The irony of it is, it says the last time I posted on this was over a year ago. The unfortunate part is that I have been blogging under a different login and somehow, I have forgotten my password so I guess all of those are lost forever. It seems like an easy problem to solve, but who knows.
It is Saturday and almost Christmas and I worked on my feet for 8 hours. It is strange how everything changes as you get older. I now work on my Saturdays instead of playing outside all day. When I was little the days seemed to go on forever. Now they pass by as if they never really happened. Saturday nights use to hold such wonder. I never knew what I would be getting myself into.
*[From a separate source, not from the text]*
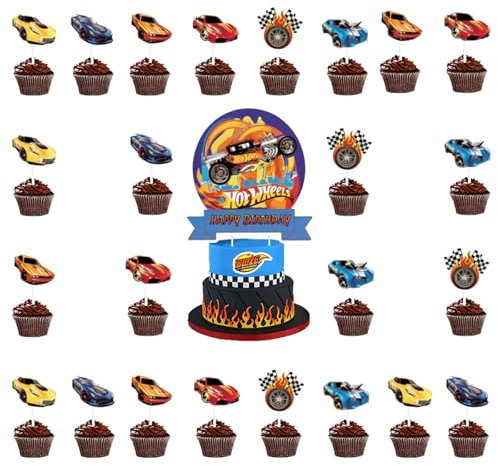 25 Stück Hot Wh-els Tortendeko Jungen, Racing Car Cupcake Toppers, Boys Racing Car Cake Toppers, Happy Birthday Tortendeko für Jungen Geburtstag Party Kuchen Dekoration Supplies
Now, I am lucky to rent a movie. Usually I just throw one in that I own and have seen more times than can count on my fingers and toes. Tonight it is "Series of Unfortuanate Events." Jim Carey is really good in it I think.
Today I strung some Chrsitmas lights on our porch and it is helping to keep me in the mood. I have been feeling so spirited but all the work I have been doing tends to get me down. I don't like to work, I like to sit in coffee shops and read and write and listen to music. I like to window shop. I like to go to book clubs. I like to have good conversation. I like to clean up my room and wash my sheets. I like to go on walks. I like to browse the computer. What I don't like to do is go to work everyday. The reason I work is to support my life. What happens when my life becomes work? Then everything is backwards. It is all about work.
Today I also saw a picture of a guy I use to really like with his new girl. I didn't expect to have such a reaction because I haven't thought about him in about a year but he did cross my mind today. It was him who I talked to last year when I was working really late at the boutique. I would call him back on my drive home after a 12 hour work day. Today as I was driving home from the boutique, I recalled that and was shocked that it was a year ago. Then tonight I saw his picture. It gave me a strange feelings, like something lost. Mainly because I lost his friendship and it was important to me. It is strange how some people can dismiss others from their life. I have never been good at that. I would probably be much happier in life if I could learn how to do that. Instead, I just hang on and fight.
Just a note, you really shouldn't blog late a night after a long day, you tend to say stuff you would normally never consider saying!